Getting the cannabis component concentration right

It was difficult buying marijuana back in the days when all it took was to buy from random dealers on our university campus.

  • Even if you were close friends with someone who was selling cannabis, there was certainly no definitive way to guess the quality of a certain batch of weed unless you smoked it.

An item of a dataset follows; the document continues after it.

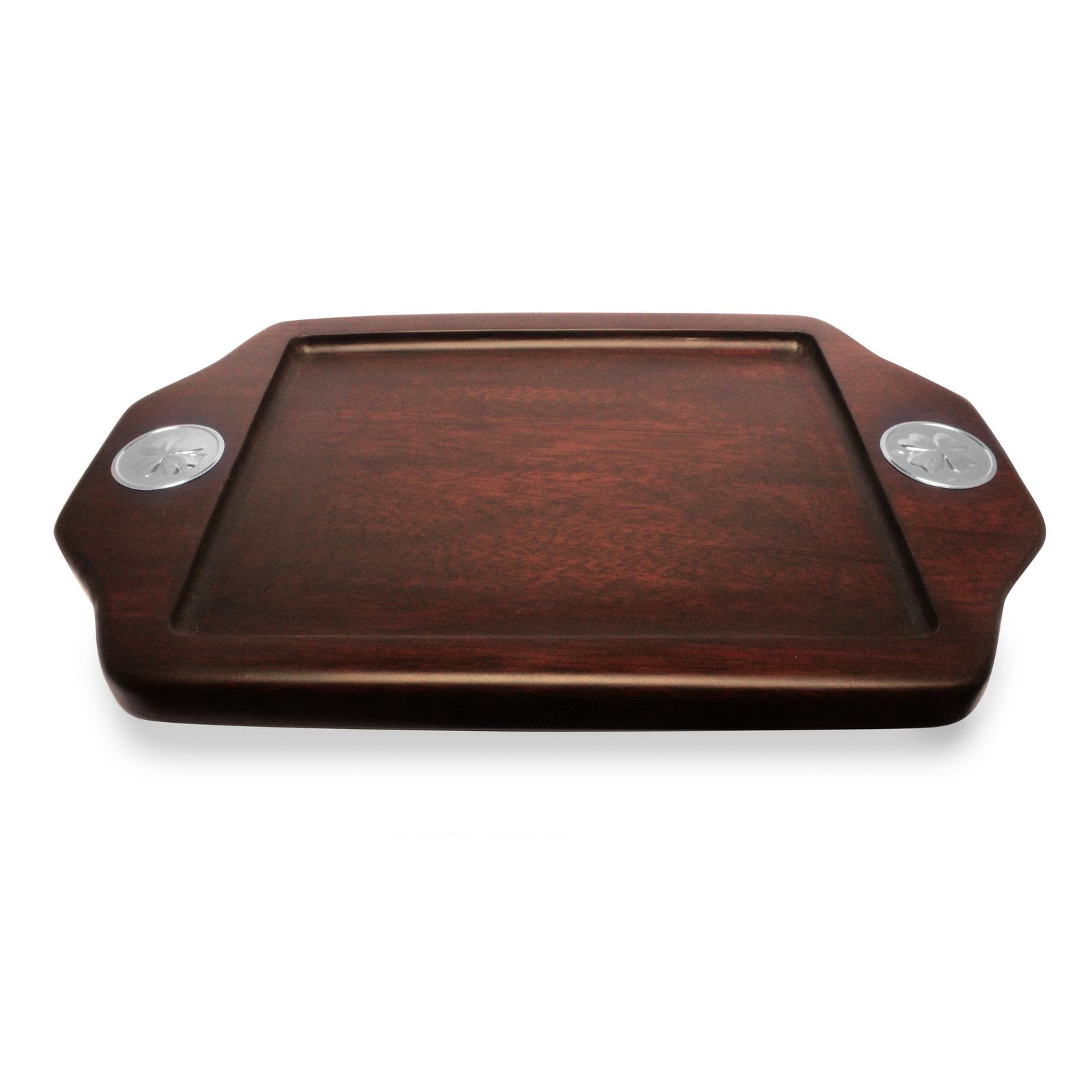 Serving Tray  with Sterling Silver Clover Accent - Qinti - The Peruvian Shop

I have l received in the medical marijuana world that you can grow a batch of cannabis flower buds with lots of terpenes but honestly low THC levels. The result is a flavorful smoke from an aromatic batch of marijuana. However, the effects are not going to be as intense as it is with cannabis with high THC content. You’re not going to take a few hits and get affected so much that you are wondering if you accidentally took a psychedelic instead. But for multiple people seeking medical benefits from the plant, this is exactly what they’re trying to avoid. They don’t want to get stupidly intoxicated by the cannabis they consume. Instead, many want a measured dose that gives them the level of effects that they have grown to love and appreciate. That’s why it’s better to focus on terpenes when you’re growing cannabis flower products instead of the end THC content. Don’t get me wrong here but I’d rather have cannabis with THC levels of at least 20% each time. However, once it gets to over 25% I think I would prefer to get the diminishing returns. Some of the best batches of cannabis that I have ever smoked were around 17% THC. Terpene levels were at least 3% which is still high. Many people make the mistake of being fixated on THC levels instead of the terpenes inside and the ratios in which you find them in.